◆ **EXERCISE DESCRIPTION**:
Starting with the first line, output the data exactly, through to the last line.

Short text fragments from websites:

++++++++++++++++++++

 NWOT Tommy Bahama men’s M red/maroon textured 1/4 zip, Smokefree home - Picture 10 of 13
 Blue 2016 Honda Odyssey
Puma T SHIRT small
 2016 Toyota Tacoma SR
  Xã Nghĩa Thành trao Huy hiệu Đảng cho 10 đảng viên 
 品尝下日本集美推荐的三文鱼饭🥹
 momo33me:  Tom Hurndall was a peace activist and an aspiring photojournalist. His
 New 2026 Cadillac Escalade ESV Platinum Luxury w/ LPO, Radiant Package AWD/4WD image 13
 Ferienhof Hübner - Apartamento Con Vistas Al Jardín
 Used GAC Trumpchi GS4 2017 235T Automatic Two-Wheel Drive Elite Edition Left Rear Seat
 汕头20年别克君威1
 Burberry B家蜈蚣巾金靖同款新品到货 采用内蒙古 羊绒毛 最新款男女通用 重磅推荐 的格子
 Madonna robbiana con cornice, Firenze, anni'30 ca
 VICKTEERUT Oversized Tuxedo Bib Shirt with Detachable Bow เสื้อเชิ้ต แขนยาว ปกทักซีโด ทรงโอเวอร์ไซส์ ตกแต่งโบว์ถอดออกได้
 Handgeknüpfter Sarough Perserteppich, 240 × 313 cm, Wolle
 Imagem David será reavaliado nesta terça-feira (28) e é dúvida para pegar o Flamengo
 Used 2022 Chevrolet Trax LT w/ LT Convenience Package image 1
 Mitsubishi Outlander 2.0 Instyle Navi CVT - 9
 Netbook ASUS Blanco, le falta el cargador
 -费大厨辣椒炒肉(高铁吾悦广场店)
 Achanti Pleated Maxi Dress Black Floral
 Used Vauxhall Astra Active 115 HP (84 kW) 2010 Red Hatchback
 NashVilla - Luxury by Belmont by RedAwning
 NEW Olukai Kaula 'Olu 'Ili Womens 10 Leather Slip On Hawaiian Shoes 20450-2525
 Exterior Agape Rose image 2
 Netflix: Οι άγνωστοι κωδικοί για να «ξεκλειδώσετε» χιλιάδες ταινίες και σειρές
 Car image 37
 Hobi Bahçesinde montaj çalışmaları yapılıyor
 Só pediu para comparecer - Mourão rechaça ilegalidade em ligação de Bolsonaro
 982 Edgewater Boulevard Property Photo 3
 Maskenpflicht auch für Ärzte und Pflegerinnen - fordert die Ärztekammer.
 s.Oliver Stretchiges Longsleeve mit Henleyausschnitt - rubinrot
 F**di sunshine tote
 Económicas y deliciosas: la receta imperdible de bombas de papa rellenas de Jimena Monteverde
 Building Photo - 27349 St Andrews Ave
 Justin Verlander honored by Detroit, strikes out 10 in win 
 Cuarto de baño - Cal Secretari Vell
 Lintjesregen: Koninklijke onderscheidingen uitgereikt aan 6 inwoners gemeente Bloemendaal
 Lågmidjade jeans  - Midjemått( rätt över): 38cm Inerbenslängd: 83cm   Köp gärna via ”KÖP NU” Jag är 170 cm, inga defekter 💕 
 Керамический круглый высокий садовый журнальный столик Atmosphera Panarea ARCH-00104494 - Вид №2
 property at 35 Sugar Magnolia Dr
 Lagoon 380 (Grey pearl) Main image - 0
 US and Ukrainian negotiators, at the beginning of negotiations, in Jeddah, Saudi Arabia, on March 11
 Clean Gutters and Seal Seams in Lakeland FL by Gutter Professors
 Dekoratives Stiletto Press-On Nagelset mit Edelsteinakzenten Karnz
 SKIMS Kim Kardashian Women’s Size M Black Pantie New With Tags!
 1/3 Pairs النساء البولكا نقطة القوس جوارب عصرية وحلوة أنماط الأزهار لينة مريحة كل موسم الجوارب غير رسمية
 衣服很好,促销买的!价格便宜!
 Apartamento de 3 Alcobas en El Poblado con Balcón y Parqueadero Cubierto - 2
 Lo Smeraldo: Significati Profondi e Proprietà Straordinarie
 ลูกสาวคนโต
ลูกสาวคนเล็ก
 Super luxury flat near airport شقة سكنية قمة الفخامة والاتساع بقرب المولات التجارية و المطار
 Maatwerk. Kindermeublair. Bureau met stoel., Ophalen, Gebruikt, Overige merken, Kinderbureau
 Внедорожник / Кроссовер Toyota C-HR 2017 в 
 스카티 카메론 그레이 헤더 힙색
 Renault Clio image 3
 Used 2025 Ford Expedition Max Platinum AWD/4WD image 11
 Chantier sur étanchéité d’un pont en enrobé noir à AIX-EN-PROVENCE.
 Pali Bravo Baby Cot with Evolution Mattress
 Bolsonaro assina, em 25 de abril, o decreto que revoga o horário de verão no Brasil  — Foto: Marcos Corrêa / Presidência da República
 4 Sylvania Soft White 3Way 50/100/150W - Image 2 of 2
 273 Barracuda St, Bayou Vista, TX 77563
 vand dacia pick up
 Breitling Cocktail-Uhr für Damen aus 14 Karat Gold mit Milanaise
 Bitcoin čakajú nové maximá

++++++++++++++++++++

◆ **EXPECTED OUTPUT**:
 NWOT Tommy Bahama men’s M red/maroon textured 1/4 zip, Smokefree home - Picture 10 of 13
 Blue 2016 Honda Odyssey
Puma T SHIRT small
 2016 Toyota Tacoma SR
  Xã Nghĩa Thành trao Huy hiệu Đảng cho 10 đảng viên 
 品尝下日本集美推荐的三文鱼饭🥹
 momo33me:  Tom Hurndall was a peace activist and an aspiring photojournalist. His
 New 2026 Cadillac Escalade ESV Platinum Luxury w/ LPO, Radiant Package AWD/4WD image 13
 Ferienhof Hübner - Apartamento Con Vistas Al Jardín
 Used GAC Trumpchi GS4 2017 235T Automatic Two-Wheel Drive Elite Edition Left Rear Seat
 汕头20年别克君威1
 Burberry B家蜈蚣巾金靖同款新品到货 采用内蒙古 羊绒毛 最新款男女通用 重磅推荐 的格子
 Madonna robbiana con cornice, Firenze, anni'30 ca
 VICKTEERUT Oversized Tuxedo Bib Shirt with Detachable Bow เสื้อเชิ้ต แขนยาว ปกทักซีโด ทรงโอเวอร์ไซส์ ตกแต่งโบว์ถอดออกได้
 Handgeknüpfter Sarough Perserteppich, 240 × 313 cm, Wolle
 Imagem David será reavaliado nesta terça-feira (28) e é dúvida para pegar o Flamengo
 Used 2022 Chevrolet Trax LT w/ LT Convenience Package image 1
 Mitsubishi Outlander 2.0 Instyle Navi CVT - 9
 Netbook ASUS Blanco, le falta el cargador
 -费大厨辣椒炒肉(高铁吾悦广场店)
 Achanti Pleated Maxi Dress Black Floral
 Used Vauxhall Astra Active 115 HP (84 kW) 2010 Red Hatchback
 NashVilla - Luxury by Belmont by RedAwning
 NEW Olukai Kaula 'Olu 'Ili Womens 10 Leather Slip On Hawaiian Shoes 20450-2525
 Exterior Agape Rose image 2
 Netflix: Οι άγνωστοι κωδικοί για να «ξεκλειδώσετε» χιλιάδες ταινίες και σειρές
 Car image 37
 Hobi Bahçesinde montaj çalışmaları yapılıyor
 Só pediu para comparecer - Mourão rechaça ilegalidade em ligação de Bolsonaro
 982 Edgewater Boulevard Property Photo 3
 Maskenpflicht auch für Ärzte und Pflegerinnen - fordert die Ärztekammer.
 s.Oliver Stretchiges Longsleeve mit Henleyausschnitt - rubinrot
 F**di sunshine tote
 Económicas y deliciosas: la receta imperdible de bombas de papa rellenas de Jimena Monteverde
 Building Photo - 27349 St Andrews Ave
 Justin Verlander honored by Detroit, strikes out 10 in win 
 Cuarto de baño - Cal Secretari Vell
 Lintjesregen: Koninklijke onderscheidingen uitgereikt aan 6 inwoners gemeente Bloemendaal
 Lågmidjade jeans  - Midjemått( rätt över): 38cm Inerbenslängd: 83cm   Köp gärna via ”KÖP NU” Jag är 170 cm, inga defekter 💕 
 Керамический круглый высокий садовый журнальный столик Atmosphera Panarea ARCH-00104494 - Вид №2
 property at 35 Sugar Magnolia Dr
 Lagoon 380 (Grey pearl) Main image - 0
 US and Ukrainian negotiators, at the beginning of negotiations, in Jeddah, Saudi Arabia, on March 11
 Clean Gutters and Seal Seams in Lakeland FL by Gutter Professors
 Dekoratives Stiletto Press-On Nagelset mit Edelsteinakzenten Karnz
 SKIMS Kim Kardashian Women’s Size M Black Pantie New With Tags!
 1/3 Pairs النساء البولكا نقطة القوس جوارب عصرية وحلوة أنماط الأزهار لينة مريحة كل موسم الجوارب غير رسمية
 衣服很好,促销买的!价格便宜!
 Apartamento de 3 Alcobas en El Poblado con Balcón y Parqueadero Cubierto - 2
 Lo Smeraldo: Significati Profondi e Proprietà Straordinarie
 ลูกสาวคนโต
ลูกสาวคนเล็ก
 Super luxury flat near airport شقة سكنية قمة الفخامة والاتساع بقرب المولات التجارية و المطار
 Maatwerk. Kindermeublair. Bureau met stoel., Ophalen, Gebruikt, Overige merken, Kinderbureau
 Внедорожник / Кроссовер Toyota C-HR 2017 в 
 스카티 카메론 그레이 헤더 힙색
 Renault Clio image 3
 Used 2025 Ford Expedition Max Platinum AWD/4WD image 11
 Chantier sur étanchéité d’un pont en enrobé noir à AIX-EN-PROVENCE.
 Pali Bravo Baby Cot with Evolution Mattress
 Bolsonaro assina, em 25 de abril, o decreto que revoga o horário de verão no Brasil  — Foto: Marcos Corrêa / Presidência da República
 4 Sylvania Soft White 3Way 50/100/150W - Image 2 of 2
 273 Barracuda St, Bayou Vista, TX 77563
 vand dacia pick up
 Breitling Cocktail-Uhr für Damen aus 14 Karat Gold mit Milanaise
 Bitcoin čakajú nové maximá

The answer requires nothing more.